The long-striding Barbaro dominated his three grass tries, including two minor stakes, by a total of more than 20 lengths. If he'd done that in England, he would be the overwhelming favorite for the Epsom Derby. In his first run on the main track, he took the 1 1/8-mile Holy Bull Stakes on Feb. 4 at Gulfstream by three-quarters of a length on a very sloppy track. He showed more speed there than he did on turf, but he's never been worse than second at any call. Edgar Prado, who's been on him the past two races, thinks he'll be fine Saturday against a rather weak field.
"He's the best horse in the race, and I don't think I should be worried," Prado said. "He is very easy to ride. He has speed when you want to use him early, and if you wait and sit, he has a couple of gears."
Even if he handles a dry track, the question of the competition there and the pre-Derby layoff will follow Barbaro to Louisville. That's fine with Matz.
"If it comes up weak and we're lucky enough to win the race, I feel it's even better,'' he said. "We're going to have a fresh horse, and we didn't have to travel around. We'll go up to Churchill Downs and hopefully he can keep his winning days going."
Besides the Florida Derby, I'll try to cash on three other stakes on Gulfstream's dynamite card.
Last week: With a $10 win bet on each of my three picks, you would have broken even, and free action is almost as good as winning. Sabatini and Laity did nothing in stakes for 3-year-olds at Turfway Park, but Take The Ribbon ($6) broke his maiden at Santa Anita.
8th race, Grade III Orchid Handicap (1 1/2 miles, turf)
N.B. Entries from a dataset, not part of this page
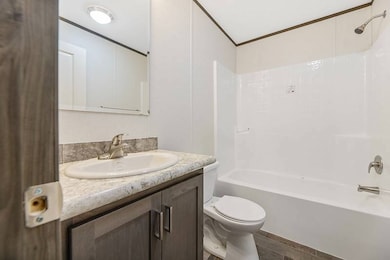 420 W Forest St, Belle Plaine, MN 56011 - photo 3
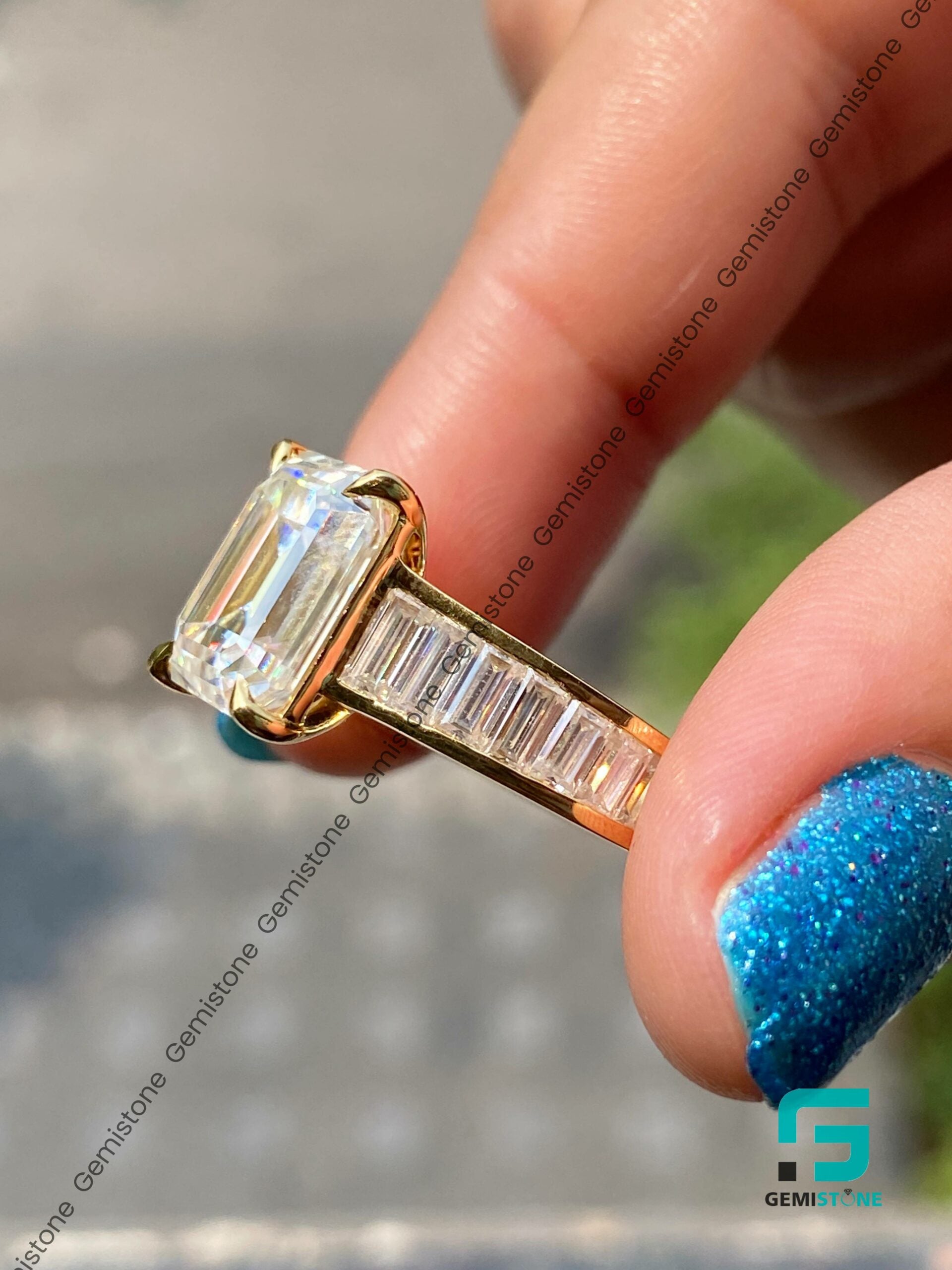 Emerald-Cut-Diamond-Ring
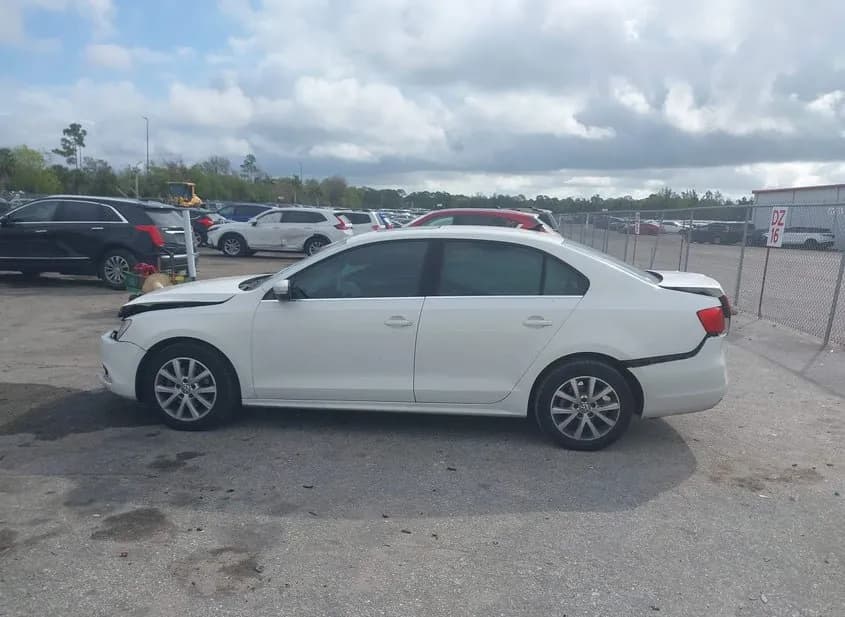 2013 VOLKSWAGEN Jetta Used VIN 3VWDP7AJ7DM448958 – photo 14 2013 VOLKSWAGEN Jetta Used VIN 3VWDP7AJ7DM448958 – photo 14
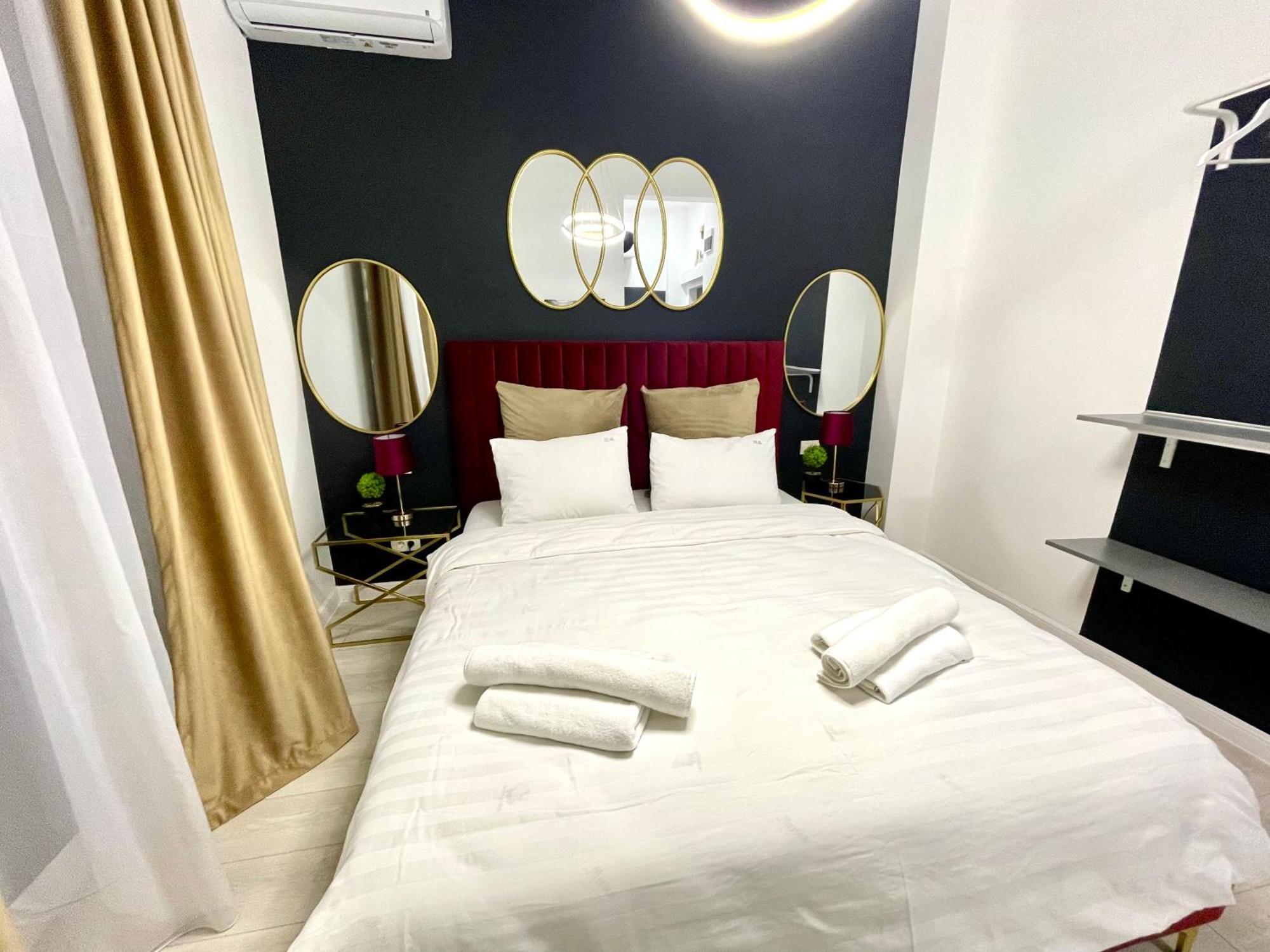 Metropole Apartments - Old City Bukares Bagian luar foto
Marathon specialist Honey Ryder won the Orchid last year and she had an excellent tightener four weeks ago when third at 1 1/16 miles, a distance far short of her best, in her 2006 debut. Honey Ryder is 5-for-8 in her last eight tries from 1? to 1? miles, never finishing more than three lengths behind. Dynamite Lass and Olaya should chase her home.
1.Honey Ryder 2. Dynamite Lass 3. Olaya
10th race, Grade III Pan American Handicap (1 1/2 miles, turf)
Go Deputy's late rally just fell short at 1 7/16 miles after Einstein walked on the lead and lasted on a yielding Gulfstream course. Einstein won't be allowed to set a ridiculously slow pace this time, and Go Deputy should get all the money.
1. Go Deputy 2. Silver Whistle 3. Einstein
12th race, Grade I Florida Derby (1 1/8 miles)
At short odds from post 10, the unbeaten Barbaro is no bargain, but I can't find anyone else I want to bet on. The speedy Flashy Bull ran a solid, troubled third behind the disqualified Corinthian and First Samurai, but Flashy Bull is only 1-for-8 lifetime, which inspires little confidence. Saint Augustus, from Todd Pletcher's endless assembly line of well-bred 3-year-olds, was far back in his only two graded stakes but could hit the board. Gifted sprinter Sharp Humor should ensure a fast pace in his two-turn debut.
1. Barbaro 2. Flashy Bull 3. Saint Augustus
13th race, Lure Stakes (1 Mile, turf)
Drum Major had no chance in a troubled trip from post 11 last time after being shipped to Santa Anita for the Grade I Kilroe mile. He drops significantly in class, draws post 3 and gets turf standout Rafael Bejarano, who has won on him. Drum Major is the best finisher in the field and there should be enough pace to make his late run count. One nagging question, though: Why no workouts since late February? I rarely if ever play horses showing no recent works, but this time I'll break that rule. Maybe George Weaver has been using long gallops to get Drum Major ready, and I'll give this underrated young trainer the benefit of the doubt. Rebel Rebel and Saint Stephen are the main threats.